(1.) The plaintiff brings this suit for specific performance of an agreement for re-sale (Ex. B) dated 4 May 1906. The property claimed in this suit was sold by the plaintiff for herself and as guardian of her minor son, by a sale-deed, Ex. 1 of the same date as Ex. B, to the present defendants. The registered sale-deed makes no reference to the agreement to re-convey but this has been provided for by a separate document, Ex. B. It would appear that the defendants have spent some moneys upon improving the property and one of the questions raised by them is that in the event of specific performance being decreed, they are entitled to the value of improvements which the first Court has fixed at Rs. 200.
(2.) The first Court gave the plaintiff a decree for specific performance. But the learned District Judge reversed that decision, holding that Ex.
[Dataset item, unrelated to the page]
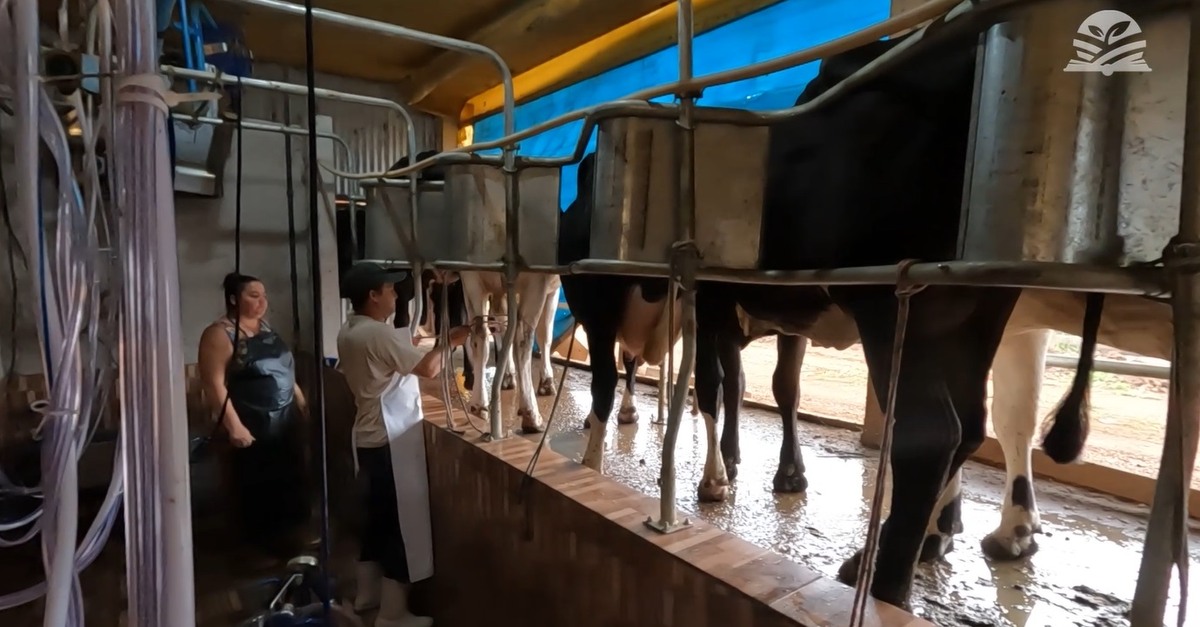 Com as vacas num antigo aviário, produção de leite cresce em sítio de MT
B is inoperative for want of registration, if viewed as part of the same transaction with Ex. 1-as in that case the transaction will in effect be converted into a mortgage by way of conditional sale - but that if it be viewed independently of Ex. 1 it would be void for want of consideration. I am unable to agree with the learned District Judge on either of these grounds.
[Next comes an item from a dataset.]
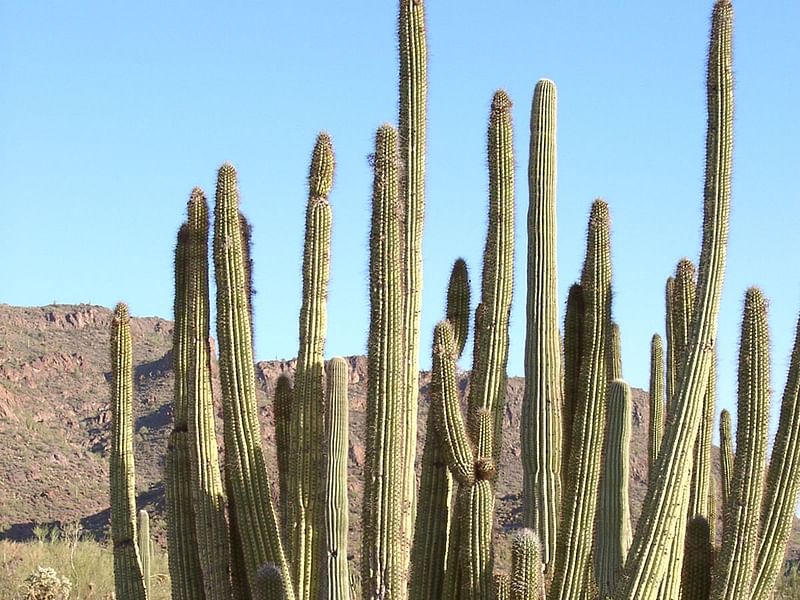 Asclepias Subulata - Organ Pipe Monument, Arizona | Asclepias | Apocynaceae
(3.) No question of registration can really arise as regards Ex. B. The necessity for its registration has got to be determined on the terms of Ex. B itself and there is nothing in those terms to create an interest in the immovable property, so as to bring it within Section 17, Registration Act. Nor does any objection arise under Section 92, Clause (4), Evidence Act, because it is not now sought to use Ex. B to affect the provisions of Ex. 1. As pointed out in the case in Harikishandas Bhagwandas V/s. Bai Dhanu 1926 Bom. 497, where the claimant under the option of re-purchase affirms the original transaction, as a sale and merely seeks to enforce a covenant for re-conveyance, he is not asking the Court to treat the transaction as one of mortgage by way of conditional sale.